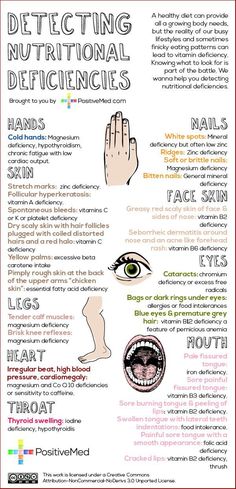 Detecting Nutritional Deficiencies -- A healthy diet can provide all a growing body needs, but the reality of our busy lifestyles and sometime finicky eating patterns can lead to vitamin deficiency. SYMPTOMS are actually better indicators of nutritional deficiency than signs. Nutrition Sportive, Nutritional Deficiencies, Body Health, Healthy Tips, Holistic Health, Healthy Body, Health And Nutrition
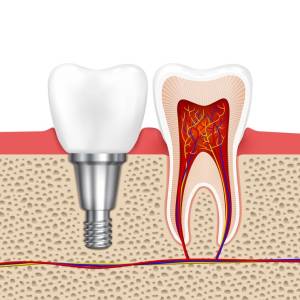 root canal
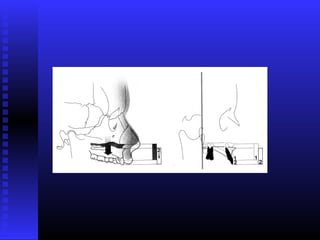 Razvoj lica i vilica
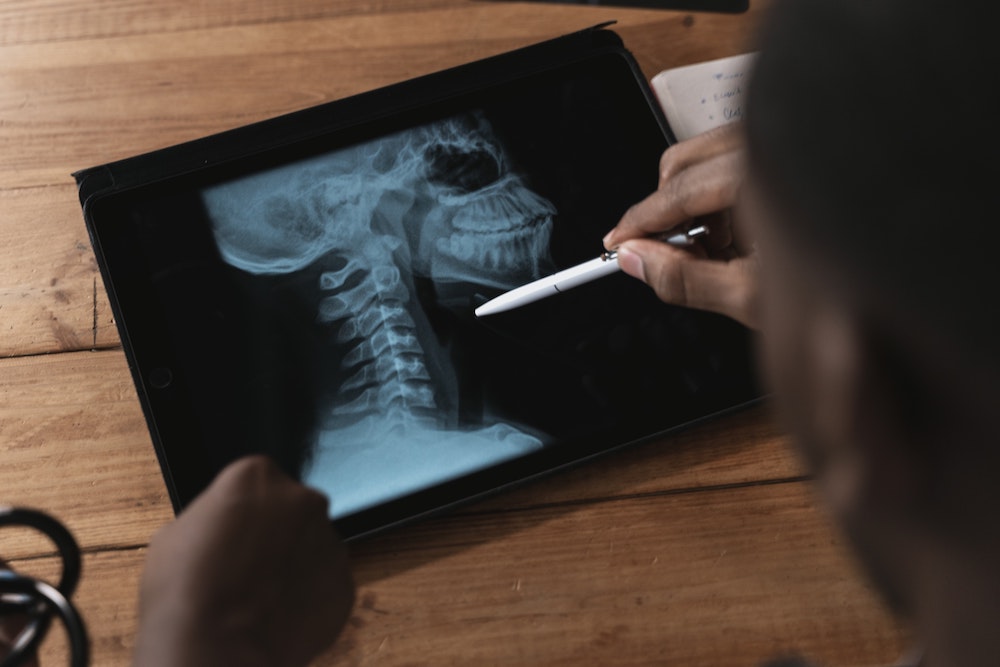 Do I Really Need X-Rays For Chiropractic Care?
════════════════
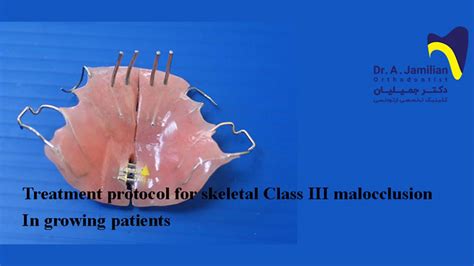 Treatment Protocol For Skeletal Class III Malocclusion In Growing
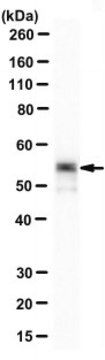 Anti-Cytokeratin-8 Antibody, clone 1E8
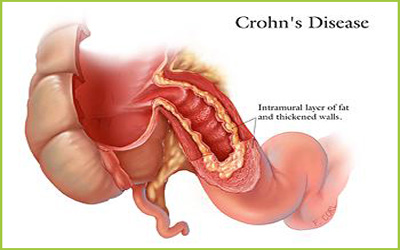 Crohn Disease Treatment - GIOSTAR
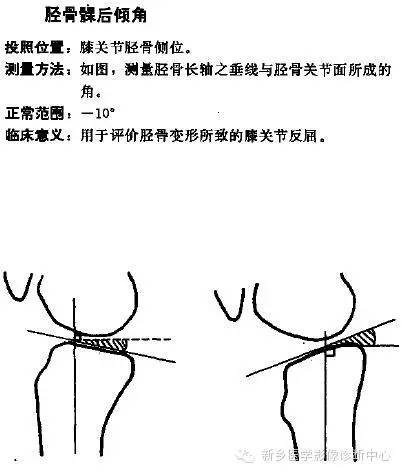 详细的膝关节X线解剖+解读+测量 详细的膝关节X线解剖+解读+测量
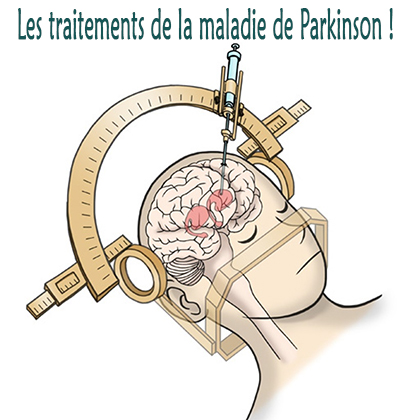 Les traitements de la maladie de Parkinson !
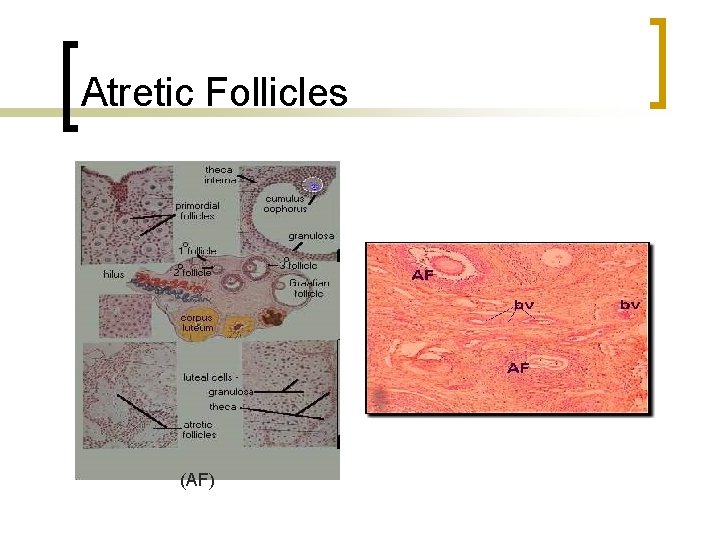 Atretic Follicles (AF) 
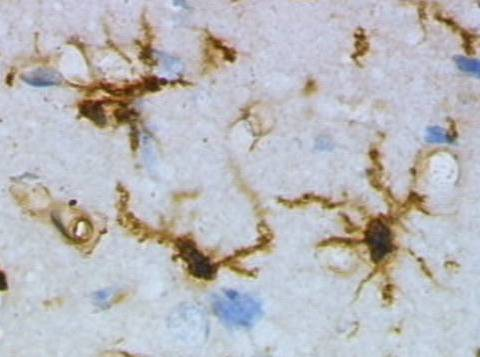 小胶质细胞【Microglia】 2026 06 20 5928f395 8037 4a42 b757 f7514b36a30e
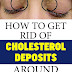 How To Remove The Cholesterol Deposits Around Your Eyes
════════════════
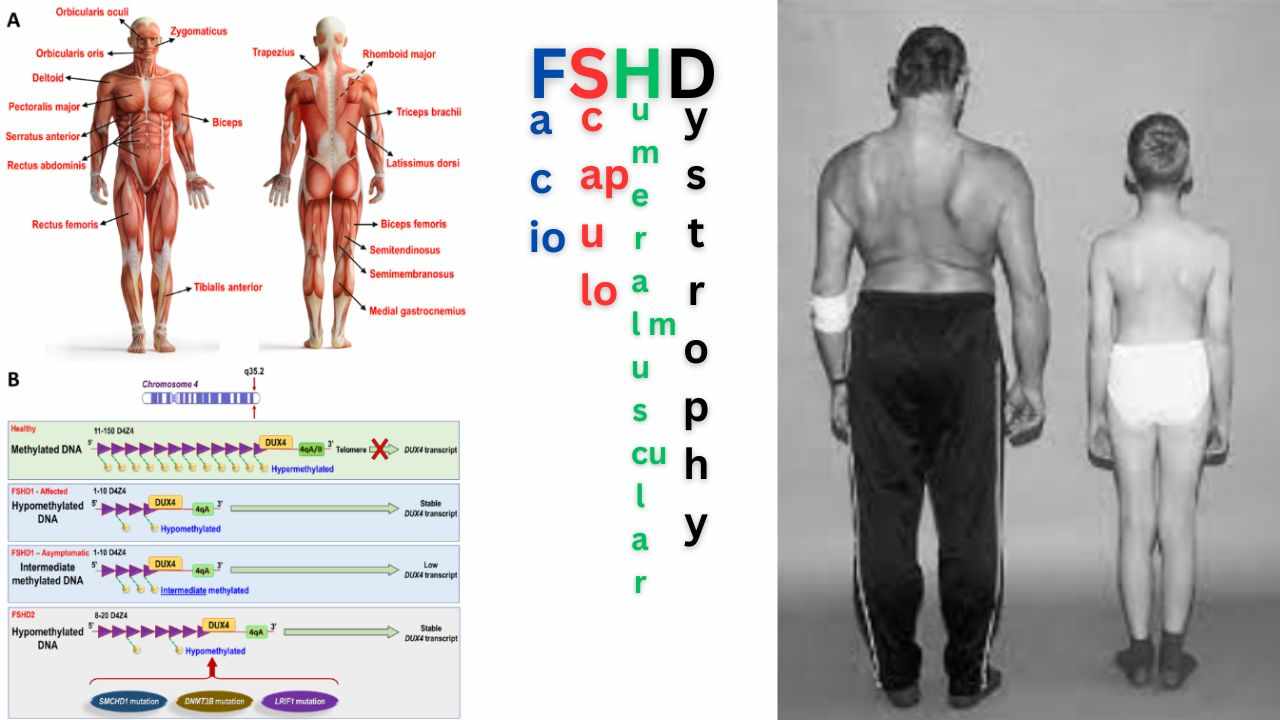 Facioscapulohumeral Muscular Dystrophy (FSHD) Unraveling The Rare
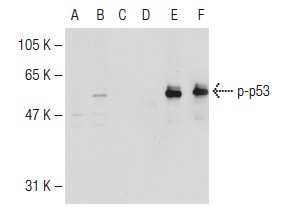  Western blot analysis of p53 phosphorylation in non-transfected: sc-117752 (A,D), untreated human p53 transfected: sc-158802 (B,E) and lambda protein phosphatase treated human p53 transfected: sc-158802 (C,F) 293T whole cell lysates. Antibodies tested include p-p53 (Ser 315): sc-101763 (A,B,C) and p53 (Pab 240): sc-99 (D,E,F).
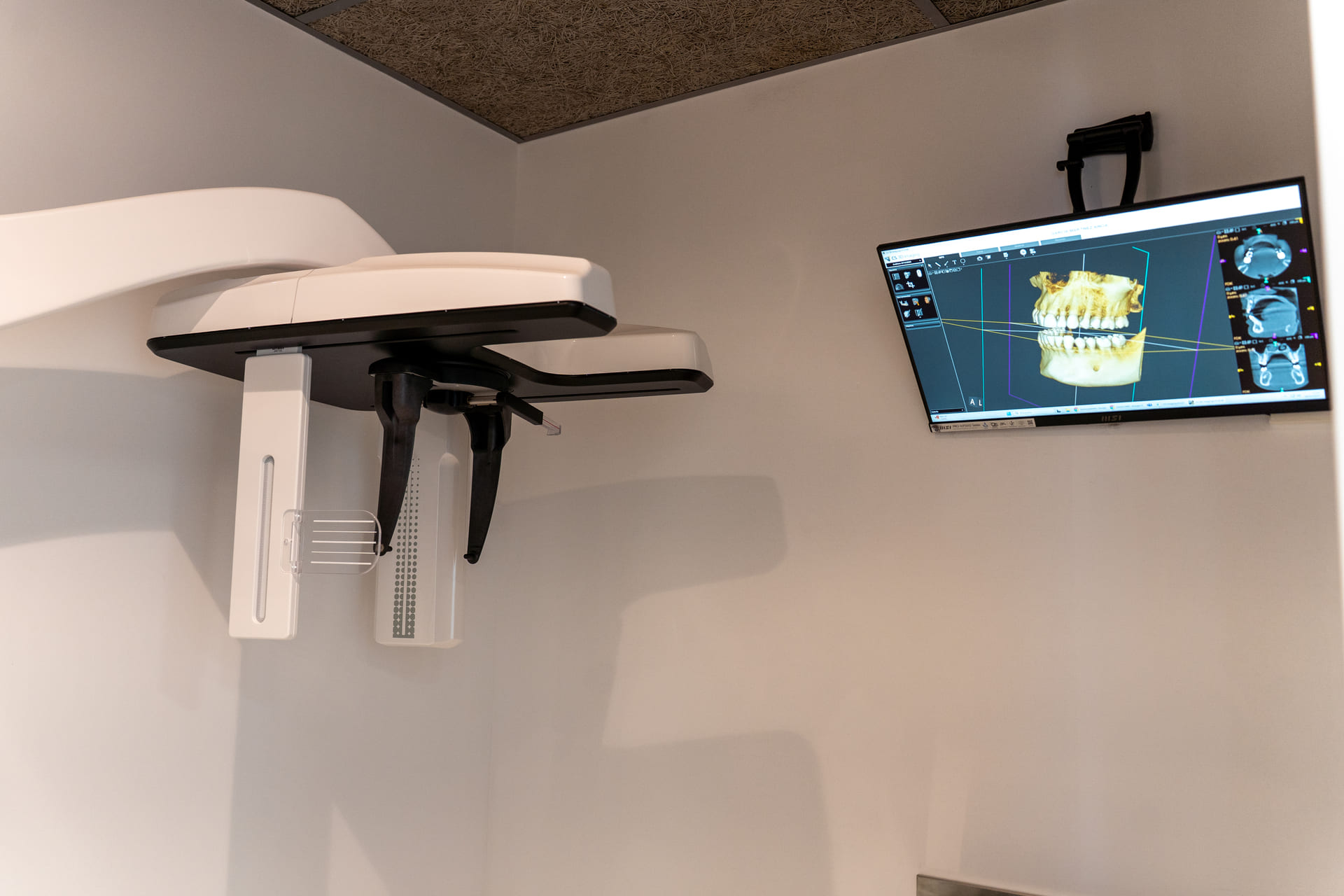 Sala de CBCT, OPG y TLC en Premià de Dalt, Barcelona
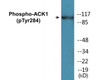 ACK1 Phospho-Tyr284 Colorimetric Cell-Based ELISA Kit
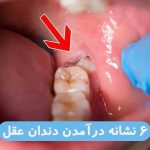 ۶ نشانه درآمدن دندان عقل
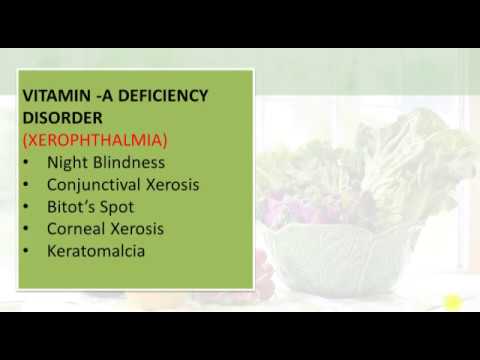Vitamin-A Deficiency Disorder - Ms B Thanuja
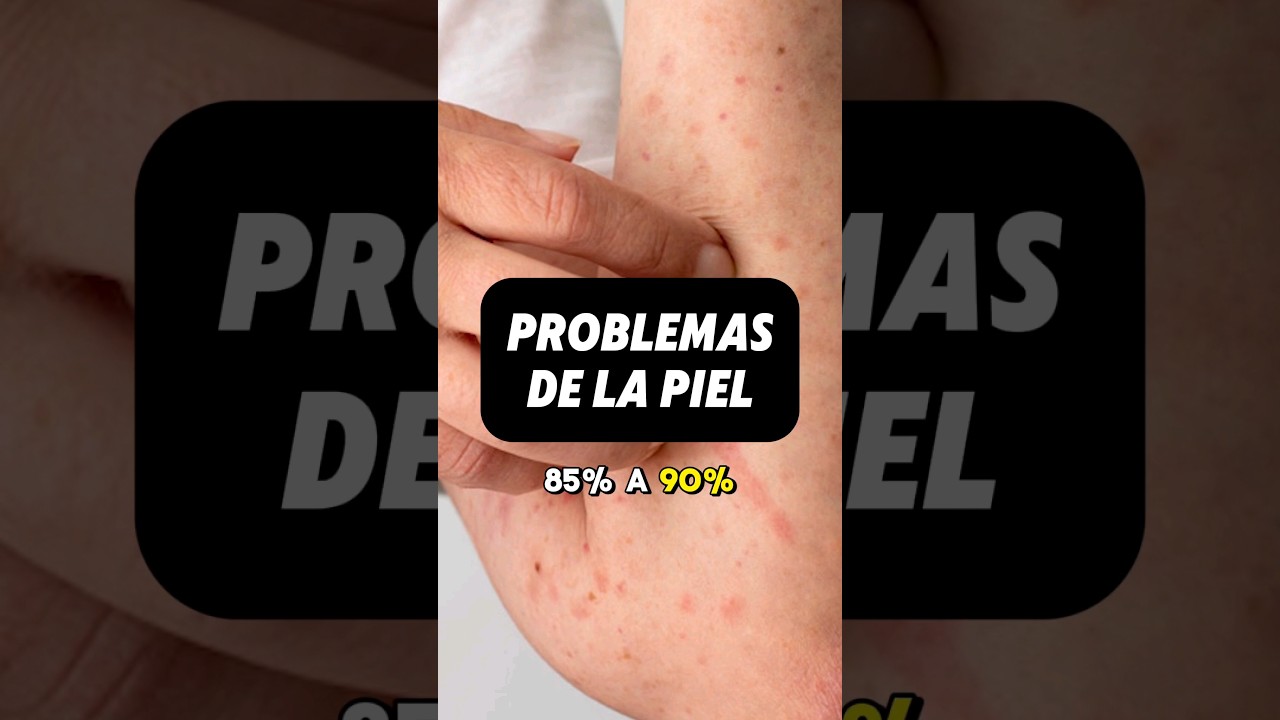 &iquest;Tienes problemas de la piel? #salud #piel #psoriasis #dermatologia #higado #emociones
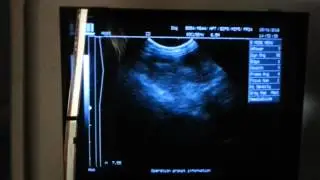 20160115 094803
════════════════
WHAT THIS TASK INVOLVES: The material above holds pictures; leave them out. Repeat exactly the lines from the one containing "Facioscapulohumeral Muscular Dystrophy" through the one containing "Vitamin-A Deficiency Disorder - Ms B Thanuja", and nothing else.

SOLUTION:
 Facioscapulohumeral Muscular Dystrophy (FSHD) Unraveling The Rare
  Western blot analysis of p53 phosphorylation in non-transfected: sc-117752 (A,D), untreated human p53 transfected: sc-158802 (B,E) and lambda protein phosphatase treated human p53 transfected: sc-158802 (C,F) 293T whole cell lysates. Antibodies tested include p-p53 (Ser 315): sc-101763 (A,B,C) and p53 (Pab 240): sc-99 (D,E,F).
 Sala de CBCT, OPG y TLC en Premià de Dalt, Barcelona
 ACK1 Phospho-Tyr284 Colorimetric Cell-Based ELISA Kit
 ۶ نشانه درآمدن دندان عقل
Vitamin-A Deficiency Disorder - Ms B Thanuja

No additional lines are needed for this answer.